Il Pd vuole formulare una proposta complessiva di gestione del servizio idrico integrato con un percorso di costruzione di un progetto di legge partecipato, che coinvolga amministratori locali e cittadini e che metta al centro la risorsa acqua per sua natura pubblica, da rendere disponibile a tutti e da preservare per le future generazioni.
L’acqua, infatti, è un bene comune dell’umanità , un bene essenziale e insostituibile per la vita. L’acqua non può che essere un bene pubblico e deve essere garantita a tutti nel rispetto dei vincoli ambientali e al massimo livello di qualità , secondo principi di equità  e solidarietà  e con criteri di sostenibilità  per preservarne la qualità  e la disponibilità  per le future generazioni.
L’acqua è quindi necessariamente un bene pubblico e lo sono anche le infrastrutture del servizio idrico che vanno gestite con criteri di efficienza ed economicità  secondo logiche industriali in grado di assicurare costi sostenibili e qualità  del servizio. 
L’acqua è un bene scarso e va preservata attraverso la cura del territorio, la manutenzione dei bacini idrografici, la tutela dei corpi idrici e delle aree di salvaguardia.
L’acqua è un bene fisicamente limitato e come tale va prelevata e gestita secondo criteri efficienti, in particolare assicurando la migliore manutenzione delle reti di distribuzione, combattendo ogni forma di spreco e governando l’uso della risorsa e la sua assegnazione per i diversi usi, potabili, agricoli e industriali, garantendo l’obiettivo della sostenibilità  attraverso incentivi al risparmio idrico e il rispetto di standard di qualità .
Per il Partito democratico sono obiettivi irrinunciabili la tutela delle acque, l’accessibilità  per tutti, un uso razionale della risorsa che operi dal lato dell’offerta e non si limiti a rincorrere la domanda, l’equità  delle tariffe e la massima qualità  ed efficienza del servizio.

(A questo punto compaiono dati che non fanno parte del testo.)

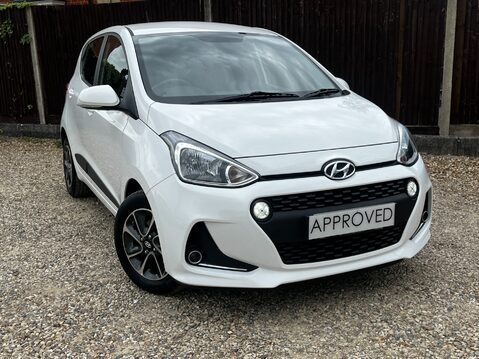 Hyundai i10 PREMIUM 11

Irrinunciabile anche l’obiettivo della copertura totale del servizio di depurazione sull’intero territorio nazionale e di una gestione sostenibile della risorsa acqua, con la riduzione quindi di dispersioni, sprechi e usi inappropriati.

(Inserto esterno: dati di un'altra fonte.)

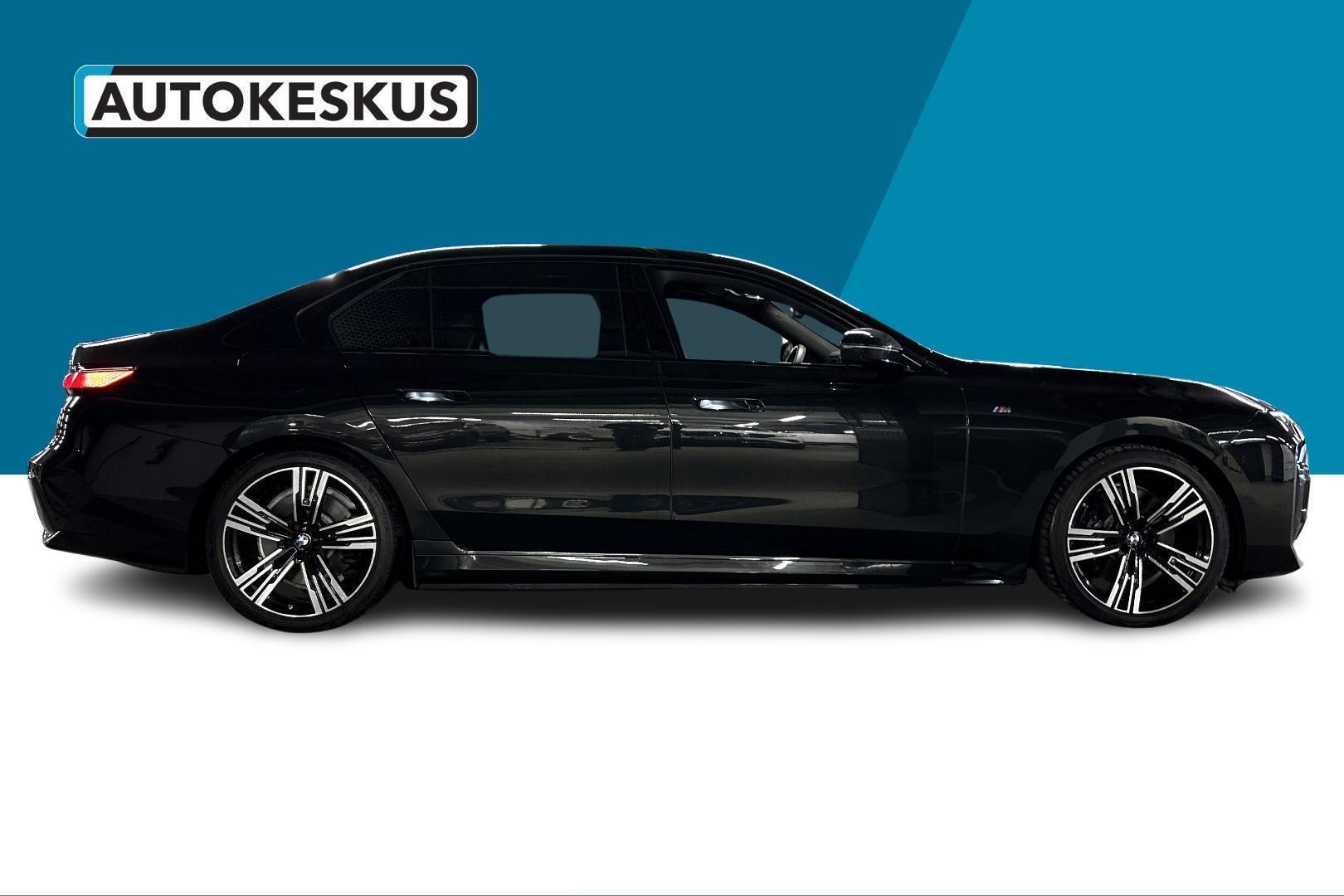 BMW i7 2025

Per raggiungere questi obiettivi:
         una forte regolazione pubblica, attuata da una autorità  di regolazione nazionale di cui siano compartecipi Stato e regioni, che consenta di definire standard di servizio, monitorare i risultati, applicare eventuali sanzioni e quindi incentivi qualità , efficienza e risparmio per migliorare il servizio e garantire al tempo stesso equità  e uso sostenibile della risorsa acqua
         ruolo fondamentale delle regioni e degli enti locali nelle scelte di affidamento del servizio idrico integrato nel pieno rispetto dei principi generali, degli standard di qualità , dei livelli minimi essenziali fissati
         gestione industriale del servizio idrico integrato (ossia dell’insieme dei servizi pubblici di captazione, adduzione e distribuzione di acqua ad usi civili, di fognatura e di depurazione delle acque reflue) anche per realizzare economie di scala, assicurare qualità  omogenea e controllabile dei servizi, garantire sicurezza degli approvvigionamenti idrici ed efficienza nella depurazione
         un quadro normativo chiaro e stabile che metta fine alla continua incertezza prodotta dai ripetuti interventi del centrodestra che riparta affidando alle regioni il compito di organizzare il servizio idrico integrato sulla base di ambiti territoriali ottimali definiti secondo criteri di efficienza, efficacia ed economicità  nel rispetto dell’unità  dei bacini idrografici, dell’unitarietà  della gestione e quindi del superamento delle frammentazioni, dell’adeguatezza delle dimensioni gestionali, della riduzione delle sperequazioni tra ambiti limitrofi
         tariffa come corrispettivo del servizio idrico integrato, che preveda una tariffa sociale per dare agevolazioni a determinate fasce di reddito e ai nuclei familiari numerosi e una tariffa che incentivi il risparmio idrico e scoraggi quindi i consumi elevati
         meccanismi che vincolino alla realizzazione degli investimenti necessari per il miglioramento del servizio, stimati in almeno 60 miliardi di euro con un impegno aggiuntivo per garantire lo stesso livello di servizio in ogni area del paese
Iniziamo da oggi un percorso di costruzione di un progetto di legge che si articola intorno a queste linee guida e che vogliamo elaborare con i nostri amministratori locali ed eletti, territorio per territorio, e con il sostegno dei cittadini che vorranno firmare la petizione a sostegno della nostra proposta.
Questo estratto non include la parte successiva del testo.